CTP-656 is a novel deuterium-modified version of ivacaftor. Ivacaftor is commercially available under the name Kalydeco®. The clinical trial results continue to support the development of CTP-656 as a once-daily potentiator for the treatment of cystic fibrosis patients with certain gating mutations.
In addition, CTP-656 demonstrated enhanced exposure to the parent drug and less exposure to metabolites after repeat dosing, confirming its differentiated metabolite profile relative to Kalydeco.
Results of the Phase 1 trial also showed that CTP-656 was well-tolerated and its safety profile was comparable to that of Kalydeco.
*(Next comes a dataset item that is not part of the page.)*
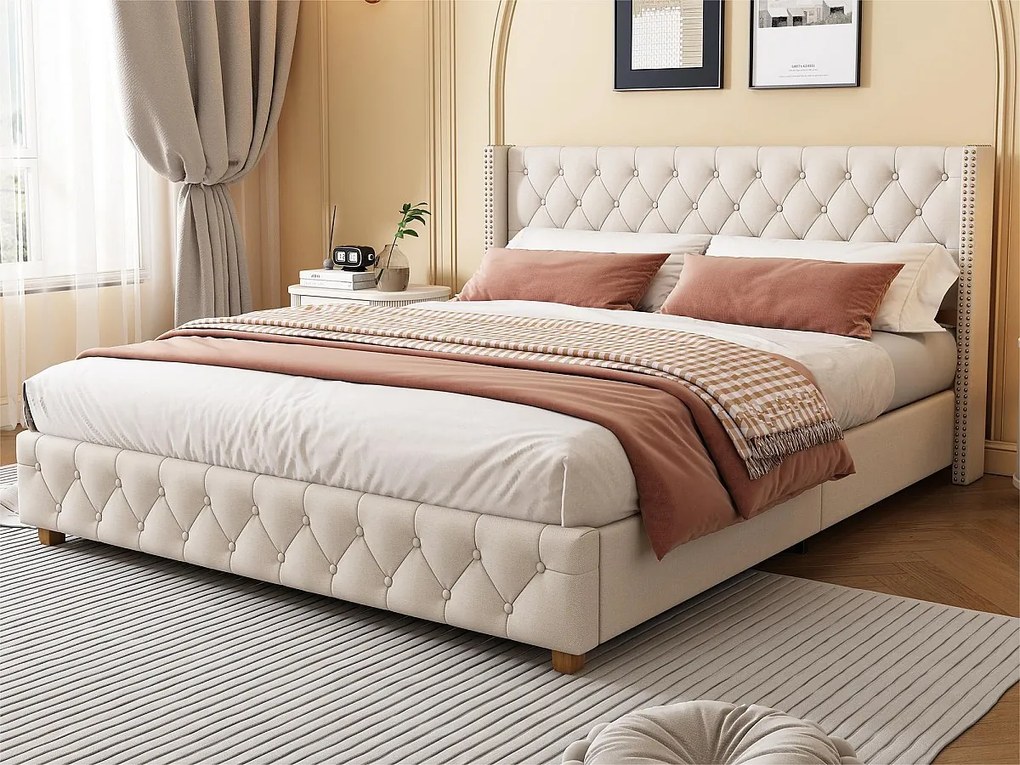 Łóżko dwuosobowe tapicerowane lnem - 160x200 cm - z stelażem na listwach - Beżowe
The Company expects to present the Phase 1 multiple ascending dose results at the 39th European Cystic Fibrosis Conference being held June 8-11, 2016 in Basel, Switzerland.
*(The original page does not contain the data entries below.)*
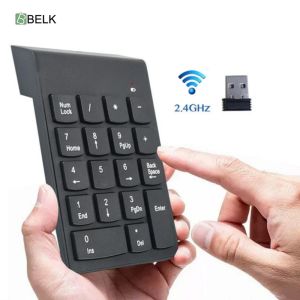 Claviers Belk Numéro sans fil PAD USB 2,4G / BLUETOOTH PORTABLE Numpad Financial Numéro de comptabilité Clavier pour IMAC / MacBook / ordinateur portable / Desktop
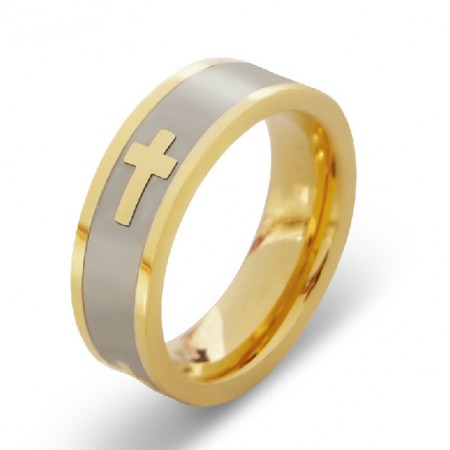 Cross Pattern Titanium Steel Gold Plated Ring For Men And Women Engravable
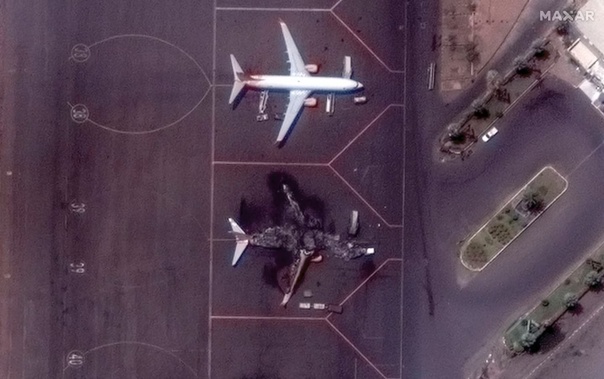 This satellite image provided by Maxar Technologies shows a destroyed Ukrainian airplane in Khartoum International Airport, Sudan on Monday. Photo / AP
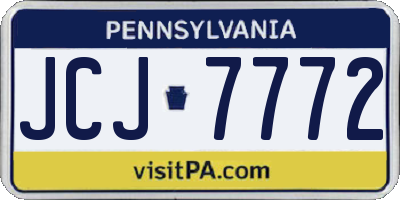 PA license plate JCJ7772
"We are pleased with the profile of CTP-656 emerging from the Phase 1 program," said James Cassella, Ph.D., Chief Development Officer of Concert Pharmaceuticals.
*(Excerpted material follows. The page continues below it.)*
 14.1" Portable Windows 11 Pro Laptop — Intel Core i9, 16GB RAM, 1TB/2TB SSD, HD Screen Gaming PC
"We believe its potential to be dosed once-daily as well as its improved metabolite profile may provide important patient benefits, including ease of adherence and potentially improved efficacy."
This Phase 1 trial was conducted in two parts and enrolled 38 healthy volunteers to assess safety, tolerability and pharmacokinetics of CTP-656 in a tablet formulation. The first part assessed a single dose pharmacokinetic comparison of 150 mg of CTP-656 versus 150 mg of Kalydeco. The second part assessed three doses of CTP-656, 75 mg, 150 mg and 225 mg, dosed daily for seven days compared to placebo. Clinical highlights from Part 2 include:
Pharmacokinetics. Across all doses, the average plasma half-life of CTP-656 was approximately 18 hours at steady state. CTP-656 showed a dose-proportional increase in exposure with repeated dosing for the 75 mg and 150 mg doses. The 225 mg dose group showed higher than dose-proportional exposure.
Metabolite Profile. The metabolite exposure profile of CTP-656 after seven days of dosing in the tablet formulation showed the greatest exposure in plasma was to parent drug. These findings confirmed that at steady state the metabolite profile was similar to the profile previously demonstrated in the single ascending dose Phase 1 trial.
Safety. There were no serious adverse events and the safety profile of CTP-656 has been comparable to that of Kalydeco.
Dr. Cassella added, "We believe that we have identified a safe and well-tolerated dose range for CTP-656 that will provide effective clinical CFTR potentiation. Importantly, we believe we have the necessary data to select the doses for our Phase 2 trial that bracket parent drug exposure associated with the commercial dose of Kalydeco."
The Company previously reported positive results from Part 1 of this Phase 1 clinical trial in which a single-dose tablet formulation of CTP-656 was compared to the commercial tablet formulation of Kalydeco.
The results from this trial confirmed CTP-656’s superior pharmacokinetic profile to Kalydeco as was previously reported from Concert’s single ascending dose trial, in which CTP-656 was dosed as an aqueous suspension. In that trial, CTP-656 demonstrated favorable pharmacokinetic properties including a longer half-life, reduced rate of clearance, substantially increased exposure and greater plasma levels at 24 hours.
Concert recently completed a Phase 1 trial to evaluate the bioavailability and pharmacokinetics of CTP-656 when dosed fasted, or with a low fat or medium fat-containing meal, in healthy volunteers. Results from this study showed that CTP-656’s exposure was consistent when dosed with either a low or moderate fat-containing meal and was also consistent with exposure previously observed when dosed with a high fat meal.
"We are pleased to see that full bioavailability of CTP-656 was retained even with a low fat meal," stated Dr. Cassella.